Baylor Disputes Student Group’s Claim That Kaitlin Curtice Prayed to ‘Mother Mystery’ at Chapel

Over the weekend, some conservative students and alumni of Baylor University expressed frustration and outrage over comments made by Potawatomi storyteller and poet Kaitlin Curtice during chapel. A Baylor student group called the Young Conservatives of Texas posted their complaint online.

The chief complaint seemed to be their claim that Curtice addressed her opening prayer to “Mother Mystery.” As the YCT posted online: “As Christians, we don’t pray to ‘Mother Mystery.’ We believe in ‘one God, the Father Almighty, Maker of heaven and earth, and of all things visible and invisible. And in one Lord Jesus Christ, the Son of God, the Only-begotten, begotten of the Father before all ages….'”

“I mean, she didn’t pray to God and that’s what’s most offensive,” Jake Neidert of the Baylor Young Conservatives of Texas told reporters.

But in reviewing footage of Curtice’s speech posted online, RELEVANT could find no mention of “Mother Mystery” in her prayer or any part of her speech. Baylor University also released a statement to KWTX saying “We have reviewed the video of all three Chapel sessions, and I can confirm there was not a prayer to a ‘Mother Mystery.'” The statement was written by Assistant Vice President of Media and Public Relations Lori Fogelman.

When reached for comment over Twitter, the Baylor Young Conservatives of Texas told RELEVANT that they stood by their allegations.

“We have had several people confirm to us that they also heard her say that, and the College Dems Presidents statement also matched up with that,” the Baylor YCT wrote. “Baylor has only posted the footage from the 10 am service, so we have no way of confirming.”

“If she did not say that, we would apologize for specifically highlighting that, but it was only one of many problems,” the statement continued. “Additionally, on her Twitter she has said that she will use ‘mother mystery’ in upcoming speeches.”

Curtice had responded to Baylor YCT’s post saying she had “never used mother mystery in a talk but definitely going to now”.

While Curtice’s speech riled some factions of Baylor’s student and alumni community, others were moved by it.
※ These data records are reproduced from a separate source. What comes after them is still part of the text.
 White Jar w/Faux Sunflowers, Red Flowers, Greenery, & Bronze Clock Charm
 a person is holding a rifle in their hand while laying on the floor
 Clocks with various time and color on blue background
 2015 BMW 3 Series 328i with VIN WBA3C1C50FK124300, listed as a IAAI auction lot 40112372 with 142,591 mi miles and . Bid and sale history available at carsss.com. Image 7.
Alumni David C. Cramer posted an “open apology” on Patheos, thanking Curtice for her speech and saying he’d been “humbled by your invitation to join you in decolonizing our shared faith.”

You can watch Curtice’s speech below.

UPDATE: RELEVANT has now reviewed all three of Curtice’s chapel speeches. She does not address her opening or closing prayers towards “Mother Mystery.” In the prayers, which she says she wrote as “poems”, she does refer to “Mystery” — a practice with precedence in Christian tradition, such as the ancient Latin text “O Magnum Mysterium”.

In Curtice’s first address, a man from the crowd can be heard shouting “Nobody says that!” when Curtice says that “the work of telling women that we do not matter as much as men do in society is dehumanizing. It is damaging to the soul.”

The Baylor YCT has tweeted this thread, in which they take issue with Curtice’s past comments and provide screenshots of tweets they say prove that Curtice considers other “pagan” deities to be “interchangeable” with God. Curtice’s tweets frequently speak “Mother Earth” in ways the YCT says draw comparisons to God.